A vendor awaits customers Wednesday beside a roadside stall selling idols of Saraswati, the Hindu goddess of learning, ahead of its worship scheduled for Thursday in Kolkata, India.
Bikas Das, Associated Press
In Western Asia, oil-producing countries are benefiting from high prices and rising output as well as a revival in tourism, the U.N. said. But economies that aren't oil producers remain weak "given tightening access to international finance and severe fiscal constraints," and average growth in the region is projected to slow from an estimated 6.4% in 2022 to 3.5% this year.
The U.N. said Africa has been hit "by multiple shocks, including weaker demand from key trading partners (especially China and Europe), a sharp increase in energy and food prices, rapidly rising borrowing costs and adverse weather events."
One result, it said, is mounting debt-servicing burdens, which have forced a growing number of African governments to seek bilateral and multilateral support.

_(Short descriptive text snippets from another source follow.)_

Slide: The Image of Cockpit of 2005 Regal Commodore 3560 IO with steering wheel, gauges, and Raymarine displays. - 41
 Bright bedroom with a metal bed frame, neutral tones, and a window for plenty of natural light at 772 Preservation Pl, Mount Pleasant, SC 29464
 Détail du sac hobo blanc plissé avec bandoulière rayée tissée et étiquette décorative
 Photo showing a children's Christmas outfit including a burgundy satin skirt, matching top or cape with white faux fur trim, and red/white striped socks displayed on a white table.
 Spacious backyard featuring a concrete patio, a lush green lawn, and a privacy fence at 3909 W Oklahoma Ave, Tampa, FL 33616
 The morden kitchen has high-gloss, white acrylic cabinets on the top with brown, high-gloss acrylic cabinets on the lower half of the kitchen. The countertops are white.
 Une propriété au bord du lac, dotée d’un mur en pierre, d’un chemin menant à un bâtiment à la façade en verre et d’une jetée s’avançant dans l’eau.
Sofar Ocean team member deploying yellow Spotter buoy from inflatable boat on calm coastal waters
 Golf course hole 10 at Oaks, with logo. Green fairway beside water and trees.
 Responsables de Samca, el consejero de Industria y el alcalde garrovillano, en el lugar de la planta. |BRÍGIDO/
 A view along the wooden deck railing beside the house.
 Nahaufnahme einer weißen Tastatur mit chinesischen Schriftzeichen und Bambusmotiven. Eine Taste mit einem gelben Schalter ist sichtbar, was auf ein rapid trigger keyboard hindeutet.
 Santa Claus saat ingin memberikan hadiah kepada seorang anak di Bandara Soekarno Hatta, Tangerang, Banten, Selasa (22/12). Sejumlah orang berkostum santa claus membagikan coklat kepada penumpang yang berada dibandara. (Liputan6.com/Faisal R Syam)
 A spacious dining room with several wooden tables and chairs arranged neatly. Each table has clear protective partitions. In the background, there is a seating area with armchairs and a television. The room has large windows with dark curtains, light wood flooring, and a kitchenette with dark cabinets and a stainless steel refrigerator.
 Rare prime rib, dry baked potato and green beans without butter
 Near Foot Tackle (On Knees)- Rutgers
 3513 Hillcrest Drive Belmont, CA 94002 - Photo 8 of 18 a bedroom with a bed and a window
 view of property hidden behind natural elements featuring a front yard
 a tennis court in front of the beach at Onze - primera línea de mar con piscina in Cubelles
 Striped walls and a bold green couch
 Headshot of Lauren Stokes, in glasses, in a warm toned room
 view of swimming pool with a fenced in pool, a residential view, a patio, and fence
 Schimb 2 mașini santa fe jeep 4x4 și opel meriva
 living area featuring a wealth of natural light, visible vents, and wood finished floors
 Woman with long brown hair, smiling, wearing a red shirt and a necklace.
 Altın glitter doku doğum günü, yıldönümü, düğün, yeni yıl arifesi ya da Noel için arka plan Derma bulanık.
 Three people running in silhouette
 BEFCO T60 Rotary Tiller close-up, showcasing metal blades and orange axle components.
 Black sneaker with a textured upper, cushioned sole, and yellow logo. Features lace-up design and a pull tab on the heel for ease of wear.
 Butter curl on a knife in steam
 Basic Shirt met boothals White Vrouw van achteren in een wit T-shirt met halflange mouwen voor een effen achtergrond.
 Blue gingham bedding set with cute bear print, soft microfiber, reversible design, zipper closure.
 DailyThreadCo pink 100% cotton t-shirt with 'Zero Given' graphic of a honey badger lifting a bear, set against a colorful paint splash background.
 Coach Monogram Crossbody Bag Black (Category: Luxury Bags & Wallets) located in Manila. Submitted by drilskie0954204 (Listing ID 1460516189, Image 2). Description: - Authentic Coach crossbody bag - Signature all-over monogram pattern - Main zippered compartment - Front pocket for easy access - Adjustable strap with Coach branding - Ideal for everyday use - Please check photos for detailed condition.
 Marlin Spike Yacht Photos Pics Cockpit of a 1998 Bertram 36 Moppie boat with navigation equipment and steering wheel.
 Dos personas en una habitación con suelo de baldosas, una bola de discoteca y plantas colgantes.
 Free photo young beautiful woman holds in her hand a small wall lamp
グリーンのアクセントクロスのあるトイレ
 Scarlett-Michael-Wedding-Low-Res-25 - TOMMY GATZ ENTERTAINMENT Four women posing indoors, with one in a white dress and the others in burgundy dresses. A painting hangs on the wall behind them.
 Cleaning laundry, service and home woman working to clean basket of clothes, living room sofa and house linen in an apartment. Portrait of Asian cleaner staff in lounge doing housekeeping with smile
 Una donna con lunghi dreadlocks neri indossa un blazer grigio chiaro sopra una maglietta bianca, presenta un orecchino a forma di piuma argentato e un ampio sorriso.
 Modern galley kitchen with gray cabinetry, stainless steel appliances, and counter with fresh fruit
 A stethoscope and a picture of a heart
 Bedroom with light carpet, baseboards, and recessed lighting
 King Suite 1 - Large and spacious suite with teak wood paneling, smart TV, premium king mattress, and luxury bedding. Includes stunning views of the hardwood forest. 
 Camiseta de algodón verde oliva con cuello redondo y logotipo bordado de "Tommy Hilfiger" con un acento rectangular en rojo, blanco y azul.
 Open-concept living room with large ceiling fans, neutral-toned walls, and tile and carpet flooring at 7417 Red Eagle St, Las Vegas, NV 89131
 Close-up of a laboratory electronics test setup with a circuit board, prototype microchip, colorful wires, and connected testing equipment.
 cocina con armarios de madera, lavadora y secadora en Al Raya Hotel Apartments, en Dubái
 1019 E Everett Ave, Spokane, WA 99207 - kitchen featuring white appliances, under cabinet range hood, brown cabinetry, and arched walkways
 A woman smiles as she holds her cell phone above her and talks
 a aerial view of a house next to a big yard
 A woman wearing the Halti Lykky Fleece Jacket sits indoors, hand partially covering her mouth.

The U.N. projected economic growth in Africa to slow from an estimated 4.1% in 2022 to 3.8% this year.
In Latin America and the Caribbean, the U.N. said the outlook "remains challenging," citing labor market prospects, stubbornly high inflation and other issues. It forecast that regional growth will slow to just 1.4% in 2023 from an estimated expansion of 3.8% in 2022.
"The region's largest economies — Argentina, Brazil and Mexico — are expected to grow at very low rates due to tightening financial conditions, weakening exports, and domestic vulnerabilities," the U.N. said.
For the world's least developed countries, the U.N. said growth is projected at 4.4% this year, about the same as last year but below the UN's target of 7% by 2030.